Another Introduction to XML
by Thomas Erl

No doubt you've heard of XML, but how much do you understand about this technology? Some industry analysts have called it "revolutionary" and others have gone as far as to compare the importance of XML to the invention of the Internet itself. Whatever the case, it is true that XML is both a significant innovation and a powerful technology. It has caused a major shift in the eBusiness world, reshaping how applications are built and how data is managed.

To appreciate the meaning of XML, we first need to take a quick look back at what motivated its creation. In the mid-seventies Charles F. Goldfarb introduced the world to the Standard Generalized Markup Language (SGML). This hugely successful meta language established an international standard for data representation. SGML empowered organizations to take control of corporate intelligence, and evolved into a universal format for information exchange.

Over a decade later, Tim Berners-Lee conceived the World Wide Web. Soon thereafter, he would go on to found the World Wide Web Consortium (W3C). One of the first initiatives of this organization was to create a formal specification for the Hypertext Markup Language (HTML), a language based on SGML.

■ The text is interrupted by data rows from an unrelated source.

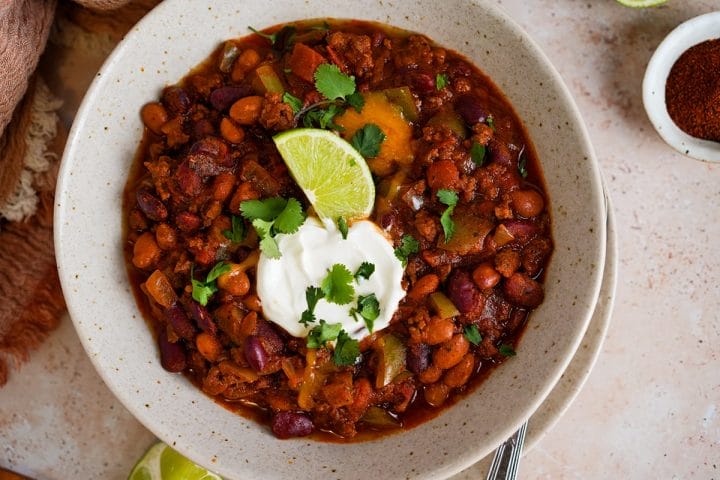 A bowl of chili made in a slow cooker and topped with sour cream, cilantro and lime wedges.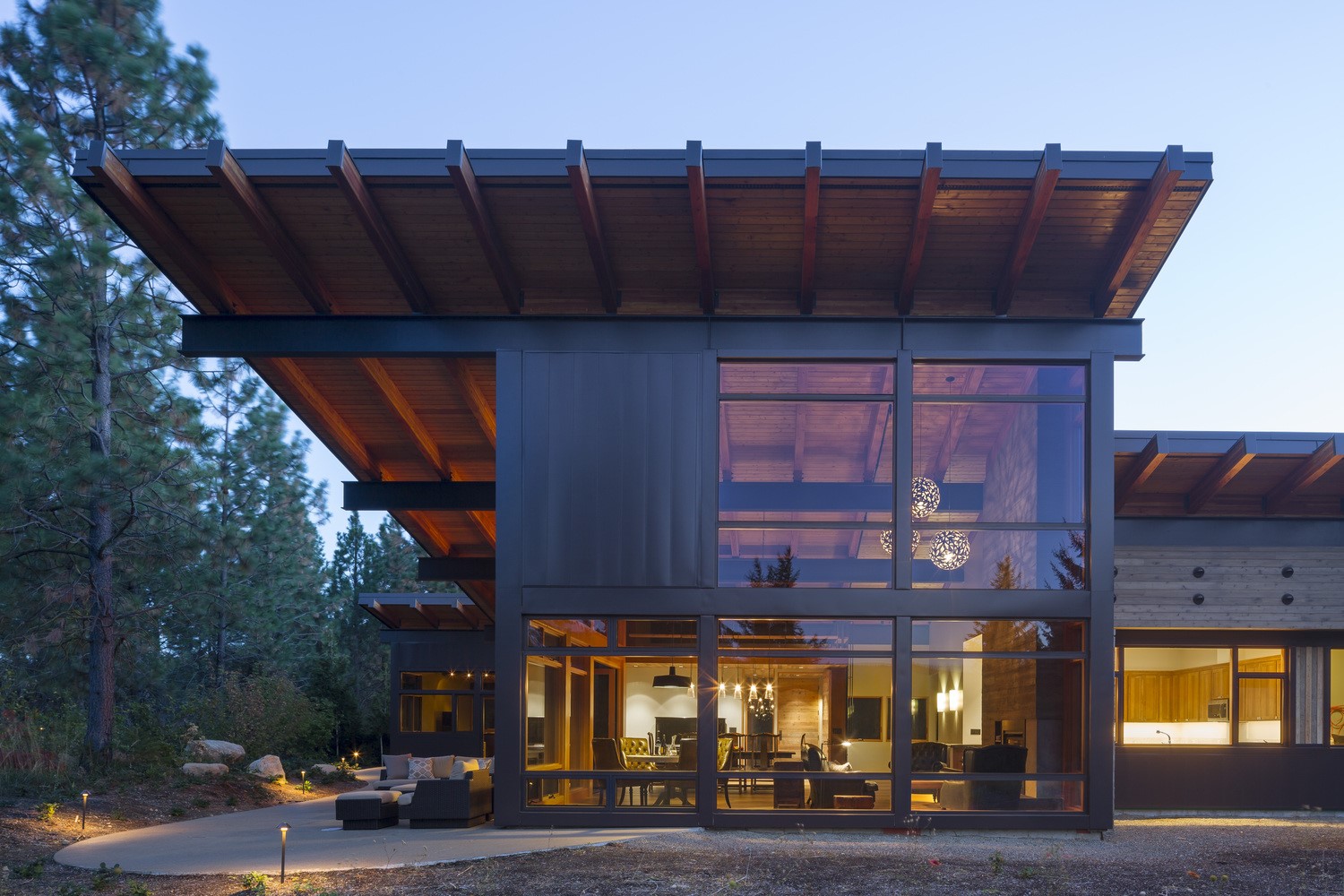 Modern house with large windows and wooden roof HD Wallpaper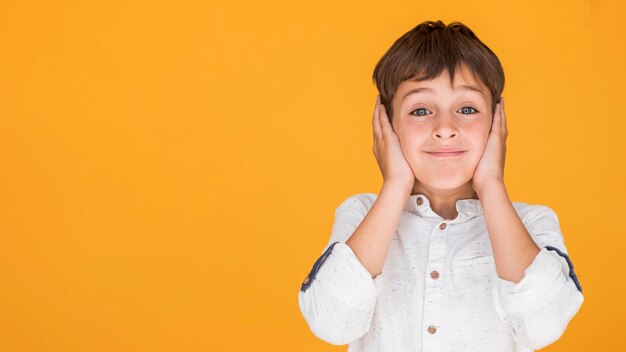 Niño pequeño cubriendo sus oídos con espacio de copia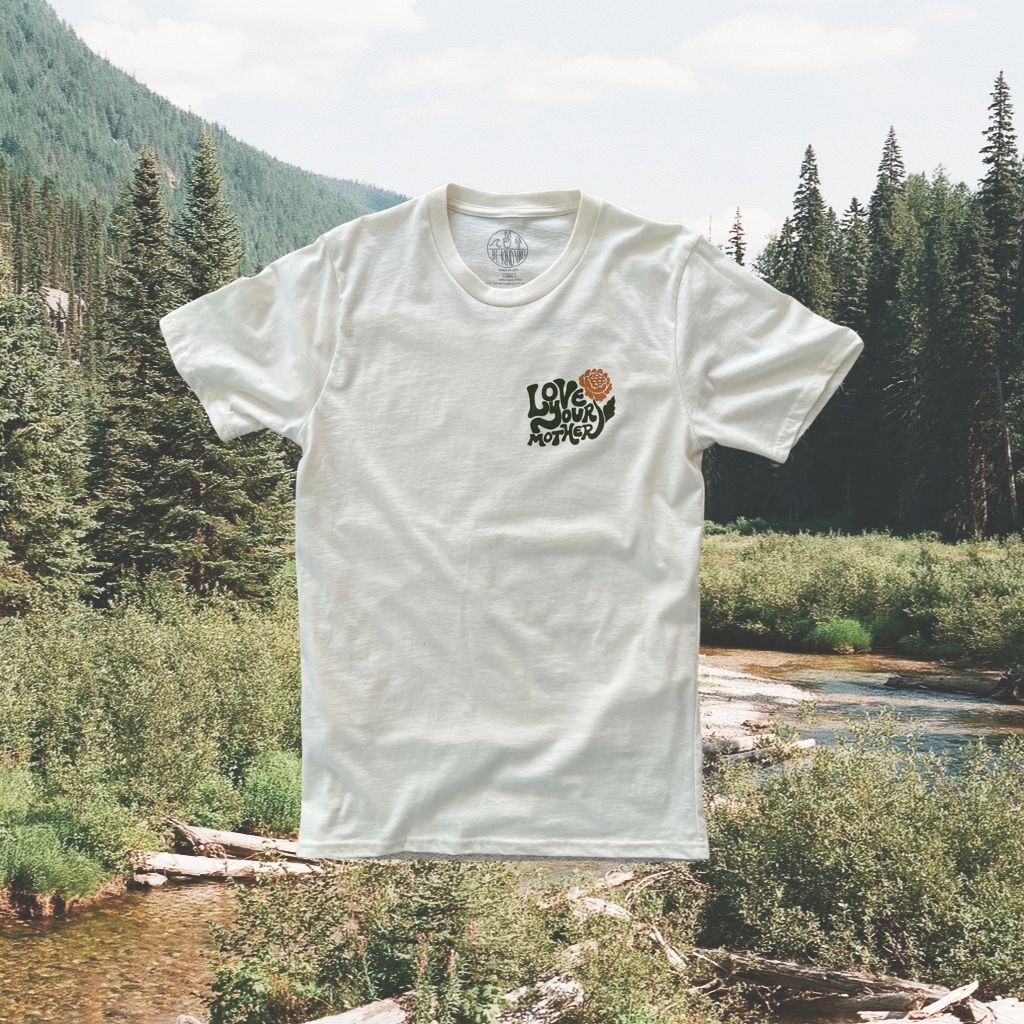 Image features the sustainably made 100% organic cotton Love Your Mother tee by Be Kind Vibes overlaid on a photo of the British Columbia wilderness.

HTML provides a syntax used to describe the formatting and layout of document text. Its compact size and overall simplicity allowed it to become the standard document format for Web publishing, and perhaps the most widely used technical language in the world. In the mid-to-late 90's it became evident that the Internet would be used for more than just document publishing. The advent of e-Business identified a compelling need for a standard business-centric data representation format. The W3C responded by once again by turning to SGML. The result was the Extensible Markup Language. A meta language intended to supplement HTML's presentation features with the ability to describe the nature of the information being presented.

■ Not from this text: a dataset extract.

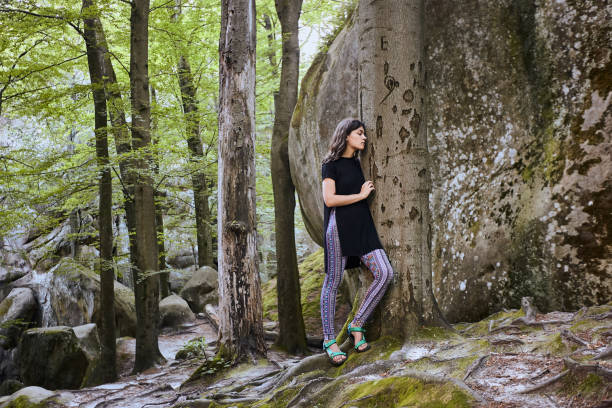 istock Young attractive girl stand in forest and lean on a tree 1144840129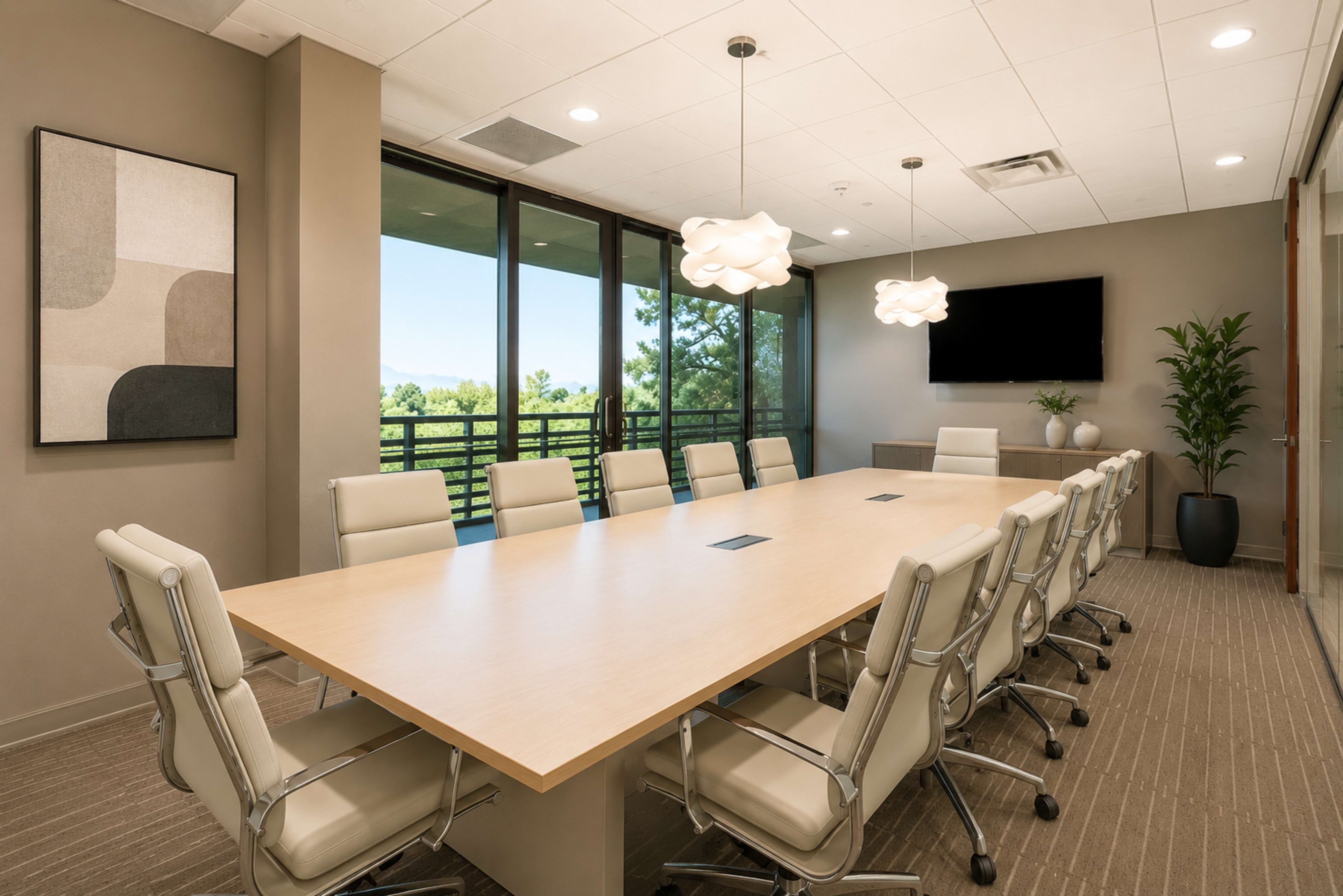 A modern conference room features a large wooden table surrounded by white leather chairs, with three pendant lights overhead and a wall-mounted TV.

Without XML, information passed over the Internet has little meaning or context beyond its presentation value. XML adds a layer of intelligence to information, proportional to the intelligence with which it is applied. This layer can be extended throughout an organization, and beyond.

A good point of reference for learning about XML is the HTML language. HTML allows us to describe how information should be rendered by a Web browser. Therefore, an HTML document cannot tell us anything about the nature of the data being displayed. A financial report may be clearly formatted and displayed by an HTML document, but the data being presented has no underlying meaning - it is, in effect, nothing more than a picture.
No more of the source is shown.